My girlfriend and I have a 2002 Honda Civic EX. The car is a great car, the engine runs great and we've never had troubles with it and I do regular oil changes. Over the last few years we have spent plenty of money on it, more so than what its actually valued at.

Back in 2013 (before I found MMM), we had a problem with our brakes where they were seizing up and engaging. It all started right around when we had taken the car into Les Schwab to get our tires replaced as it had been nearly 4 years and they were pretty bald. During the tire change, the shop informed us that the ball joint on the driver side was bad and needed replacing and the front engine mount was also broken. They also informed us that the brake fluid was incredibly dirty and needs to be replaced. Being a contractor for a game studio at the time, and the girlfriend a student, we were living on my sole income of around $30k/year, i declined to have the brake fluid replaced, and agreed they could do the ball joint as I didn't have time or experience to do it(mainly time as I'm fairly handy).

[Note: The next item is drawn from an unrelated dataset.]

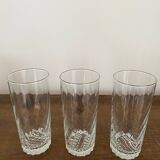 3 verres haut à orangeade ou coktail vintage, Félix Potin La Parisienne
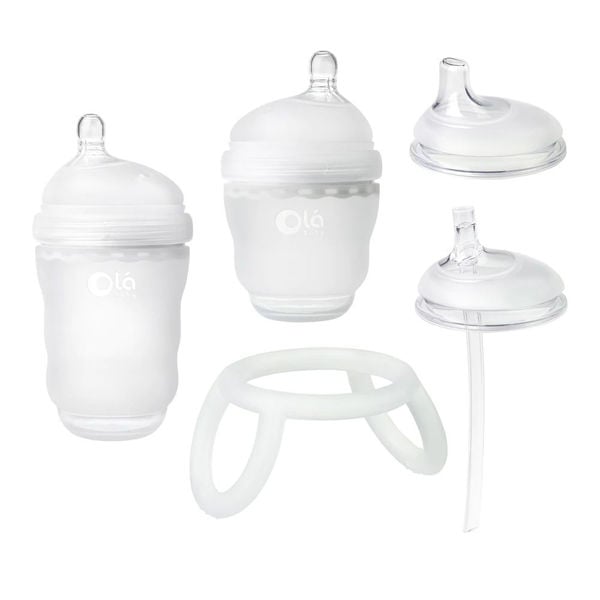 Picture of Gentle Bottle Transitional Set - Frost - from Ola Baby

A week or so later, we were on our way back from a hike in the mountains when we were in 5th gear doing 60mph and all of a sudden the car started slowing down and the front end was shaking quite a bit. I realized our brakes were engaging and this was the cause of what was going on. This was the turning point of where the amount of money we have put into the car has gotten a bit ridiculous in my view.

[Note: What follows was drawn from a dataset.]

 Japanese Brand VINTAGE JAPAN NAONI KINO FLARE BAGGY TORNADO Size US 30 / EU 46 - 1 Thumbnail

We took the car back to Schwab to have them look at it and they said that the brake fluid is contaminated and the whole brake system needs to be replaced. Their quote - just over $3.6k. I was shocked, and I asked how this could happen and what is the contamination. They said it doesn't say what contaminated it, but it could either be water or some type of petroleum product that caused it. Surprise, surprise, they refused that they were the cause of the contamination, even though they were the only individual who had actually checked the brake fluid prior to the incident(i hadn't checked it in probably 2 years).

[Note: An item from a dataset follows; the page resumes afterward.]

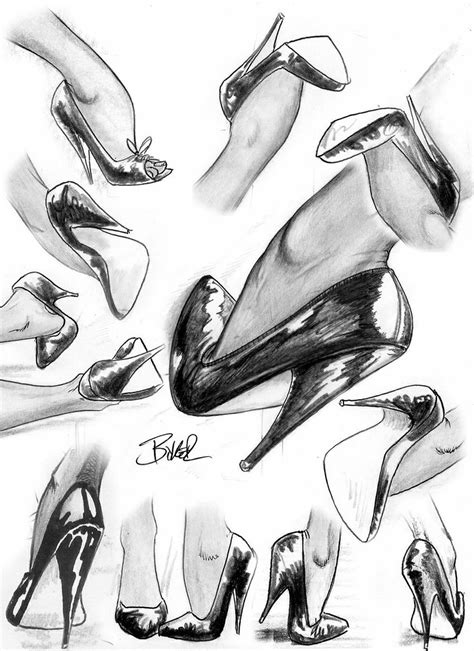 Funny cartoons and how to draw cartoons. High Heels by Bikerbloke on DeviantArt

Well after fighting them for about 3 hours, they reduced their quote to exactly $3.5k for repairs. They were replacing everything, the master cylinder, slave cylinder, brake lines, calipers, routers, pads, everything.

We decided since 3.5k(on top of the $1.7k we spent on ball joint and tire replacement) was far to great, we wanted to take it to another shop that we have had good experience with. Of course schwab told us "with the engine mount in the broken state, the engine could fall out at any point in time". It was the front mount, and only the front mount. The shop that we took it too recommended we fix the problem(of course), and we decided to go through with it. They said they would replace parts one at a time starting with both master and slave cylinders. At the end of the week, we had the car back, and they had essentially replaced everything besides the calipers and routers, and charged us just over $2.6k.

Since then, we had only replaced the back tires(Mid 2015 - $400) due to one going flat, and in early 2015 we had the clutch replaced due to what felt like the clutch not disengaging or engaging($1500). Fast forward to December of 2015, the car was in Honda shop for a recall(and people complain about Tesla cars having a recall? Ours is over 13 years old and still being recalled!) and Honda said to us that the timing belt was due for a change(it hadn't been changed at the 100k mile mark and we are at 140k). They said it'd cost just over $2.1k to have replaced(along with the water pump). I refused to accept them to replace it and took it over to the same shop who did the brake job and they charged us $800 for it. The shop that did the brake job and timing belt was also the one who replaced the clutch. I talked to them regarding what felt like the clutch going out again, and ask why would it be burning out with less than 30k miles on the new clutch? My only conclusion was that the clutch wasn't replaced, or I had been driving it "incorrectly", which i highly doubt(i follow the rule of if your not shifting, the clutch is not to be touched). I am a hyper miler, so yes, i do engage it more often than the average person such as doing pulse-and-glide or when going down hills, but it shouldn't shorten the clutch to a ~30k mile lifetime.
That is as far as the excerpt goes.